Exercise details:
This exercise asks for a copy of each line in the records below with the word "фото" in it.

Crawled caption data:
-=-=-
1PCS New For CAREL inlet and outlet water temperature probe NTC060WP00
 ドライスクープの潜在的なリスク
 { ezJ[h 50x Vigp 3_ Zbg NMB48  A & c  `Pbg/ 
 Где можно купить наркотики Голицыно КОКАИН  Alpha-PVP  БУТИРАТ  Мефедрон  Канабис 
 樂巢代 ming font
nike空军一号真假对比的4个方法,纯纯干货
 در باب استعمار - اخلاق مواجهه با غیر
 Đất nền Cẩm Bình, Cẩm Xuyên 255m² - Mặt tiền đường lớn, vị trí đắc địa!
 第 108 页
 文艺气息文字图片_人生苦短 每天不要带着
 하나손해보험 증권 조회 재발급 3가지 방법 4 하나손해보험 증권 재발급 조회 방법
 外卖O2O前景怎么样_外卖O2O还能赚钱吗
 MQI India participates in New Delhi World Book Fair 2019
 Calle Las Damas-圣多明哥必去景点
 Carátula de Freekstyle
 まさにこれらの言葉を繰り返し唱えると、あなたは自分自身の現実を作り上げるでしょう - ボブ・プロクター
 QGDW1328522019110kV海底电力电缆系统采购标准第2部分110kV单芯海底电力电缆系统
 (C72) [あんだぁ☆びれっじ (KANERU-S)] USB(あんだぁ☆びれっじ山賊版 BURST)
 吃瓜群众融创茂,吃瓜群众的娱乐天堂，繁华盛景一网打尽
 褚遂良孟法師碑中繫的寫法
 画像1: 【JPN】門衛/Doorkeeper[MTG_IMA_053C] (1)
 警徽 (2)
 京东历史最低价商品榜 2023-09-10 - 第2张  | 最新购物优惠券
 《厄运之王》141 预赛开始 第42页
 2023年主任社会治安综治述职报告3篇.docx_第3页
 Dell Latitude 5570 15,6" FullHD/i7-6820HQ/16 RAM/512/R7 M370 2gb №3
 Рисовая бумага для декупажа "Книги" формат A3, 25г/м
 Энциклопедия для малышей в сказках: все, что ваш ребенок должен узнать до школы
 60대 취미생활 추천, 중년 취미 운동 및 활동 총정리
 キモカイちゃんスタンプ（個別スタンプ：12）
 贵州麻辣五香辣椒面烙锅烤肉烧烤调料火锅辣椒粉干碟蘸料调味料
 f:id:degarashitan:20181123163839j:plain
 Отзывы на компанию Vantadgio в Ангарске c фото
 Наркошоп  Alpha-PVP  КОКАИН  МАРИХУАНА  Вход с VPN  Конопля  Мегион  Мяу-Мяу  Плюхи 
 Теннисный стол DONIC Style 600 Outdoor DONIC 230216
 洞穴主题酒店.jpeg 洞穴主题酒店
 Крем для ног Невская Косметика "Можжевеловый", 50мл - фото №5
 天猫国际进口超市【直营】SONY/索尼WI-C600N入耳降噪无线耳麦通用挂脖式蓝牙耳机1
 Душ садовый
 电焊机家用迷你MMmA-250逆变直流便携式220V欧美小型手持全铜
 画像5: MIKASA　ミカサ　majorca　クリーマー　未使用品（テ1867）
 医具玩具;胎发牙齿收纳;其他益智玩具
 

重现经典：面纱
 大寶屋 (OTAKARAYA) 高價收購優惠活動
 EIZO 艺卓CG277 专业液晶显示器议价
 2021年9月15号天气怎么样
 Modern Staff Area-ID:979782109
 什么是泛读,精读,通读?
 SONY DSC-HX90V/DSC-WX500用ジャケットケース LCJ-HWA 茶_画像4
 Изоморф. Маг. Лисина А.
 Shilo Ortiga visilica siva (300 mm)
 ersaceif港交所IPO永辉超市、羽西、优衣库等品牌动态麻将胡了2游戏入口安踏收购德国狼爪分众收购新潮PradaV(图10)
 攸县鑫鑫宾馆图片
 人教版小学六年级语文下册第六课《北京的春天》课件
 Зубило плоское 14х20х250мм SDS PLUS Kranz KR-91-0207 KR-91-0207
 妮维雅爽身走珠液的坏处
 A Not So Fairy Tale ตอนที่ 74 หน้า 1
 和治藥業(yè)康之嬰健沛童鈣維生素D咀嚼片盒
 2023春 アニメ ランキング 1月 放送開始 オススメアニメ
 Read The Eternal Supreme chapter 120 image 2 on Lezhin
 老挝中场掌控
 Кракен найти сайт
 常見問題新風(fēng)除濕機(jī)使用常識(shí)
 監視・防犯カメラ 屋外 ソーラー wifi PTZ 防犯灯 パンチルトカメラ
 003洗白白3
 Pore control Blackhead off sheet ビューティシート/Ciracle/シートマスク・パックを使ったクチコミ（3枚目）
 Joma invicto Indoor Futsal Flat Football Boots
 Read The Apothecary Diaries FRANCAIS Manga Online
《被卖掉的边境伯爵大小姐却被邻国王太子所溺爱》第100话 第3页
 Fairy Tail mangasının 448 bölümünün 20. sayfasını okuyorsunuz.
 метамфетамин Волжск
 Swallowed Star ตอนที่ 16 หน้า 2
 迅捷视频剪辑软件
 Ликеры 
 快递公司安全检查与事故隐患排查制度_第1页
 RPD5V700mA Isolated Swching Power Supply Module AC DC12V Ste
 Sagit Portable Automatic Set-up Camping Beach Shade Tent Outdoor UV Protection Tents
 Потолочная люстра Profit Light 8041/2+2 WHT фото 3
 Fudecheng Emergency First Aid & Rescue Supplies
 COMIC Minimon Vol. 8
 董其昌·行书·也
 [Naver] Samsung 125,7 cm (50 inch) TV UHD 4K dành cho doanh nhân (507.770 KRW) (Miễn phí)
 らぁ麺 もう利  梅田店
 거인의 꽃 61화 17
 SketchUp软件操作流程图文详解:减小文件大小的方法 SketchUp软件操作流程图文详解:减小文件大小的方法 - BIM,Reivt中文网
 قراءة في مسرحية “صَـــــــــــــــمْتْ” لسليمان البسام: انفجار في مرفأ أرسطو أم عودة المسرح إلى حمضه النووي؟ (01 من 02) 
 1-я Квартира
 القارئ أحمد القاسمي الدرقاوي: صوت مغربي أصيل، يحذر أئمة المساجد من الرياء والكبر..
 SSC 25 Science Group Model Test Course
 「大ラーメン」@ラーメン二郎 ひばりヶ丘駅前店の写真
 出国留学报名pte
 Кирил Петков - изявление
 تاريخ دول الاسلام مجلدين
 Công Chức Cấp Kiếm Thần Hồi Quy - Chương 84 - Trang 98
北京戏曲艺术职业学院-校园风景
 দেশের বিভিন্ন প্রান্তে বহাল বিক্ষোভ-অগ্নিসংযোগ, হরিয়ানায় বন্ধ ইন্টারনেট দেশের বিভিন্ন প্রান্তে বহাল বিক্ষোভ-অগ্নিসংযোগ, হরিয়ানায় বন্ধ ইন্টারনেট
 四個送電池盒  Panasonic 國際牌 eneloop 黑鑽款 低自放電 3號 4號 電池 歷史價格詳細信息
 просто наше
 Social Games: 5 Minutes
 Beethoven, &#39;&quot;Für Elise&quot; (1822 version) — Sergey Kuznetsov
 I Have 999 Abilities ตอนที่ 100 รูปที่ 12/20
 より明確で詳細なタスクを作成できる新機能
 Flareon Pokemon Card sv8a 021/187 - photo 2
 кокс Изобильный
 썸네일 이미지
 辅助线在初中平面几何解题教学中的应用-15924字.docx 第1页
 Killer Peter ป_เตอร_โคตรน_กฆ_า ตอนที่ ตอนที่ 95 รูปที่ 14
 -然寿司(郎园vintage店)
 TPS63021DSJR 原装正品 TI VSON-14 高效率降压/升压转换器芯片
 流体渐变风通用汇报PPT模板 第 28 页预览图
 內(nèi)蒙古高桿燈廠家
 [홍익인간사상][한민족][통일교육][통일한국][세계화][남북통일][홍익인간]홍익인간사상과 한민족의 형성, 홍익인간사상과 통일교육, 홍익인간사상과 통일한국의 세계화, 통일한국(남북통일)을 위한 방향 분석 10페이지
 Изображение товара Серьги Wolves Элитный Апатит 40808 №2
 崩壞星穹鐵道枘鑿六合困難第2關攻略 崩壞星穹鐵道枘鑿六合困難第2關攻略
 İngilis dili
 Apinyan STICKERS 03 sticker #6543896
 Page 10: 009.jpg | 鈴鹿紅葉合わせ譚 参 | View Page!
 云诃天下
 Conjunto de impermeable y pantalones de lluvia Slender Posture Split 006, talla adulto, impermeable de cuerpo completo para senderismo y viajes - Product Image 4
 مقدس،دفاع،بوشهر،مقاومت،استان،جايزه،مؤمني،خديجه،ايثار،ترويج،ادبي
-=-=-
Written solution:
 Отзывы на компанию Vantadgio в Ангарске c фото
 Крем для ног Невская Косметика "Можжевеловый", 50мл - фото №5
 Потолочная люстра Profit Light 8041/2+2 WHT фото 3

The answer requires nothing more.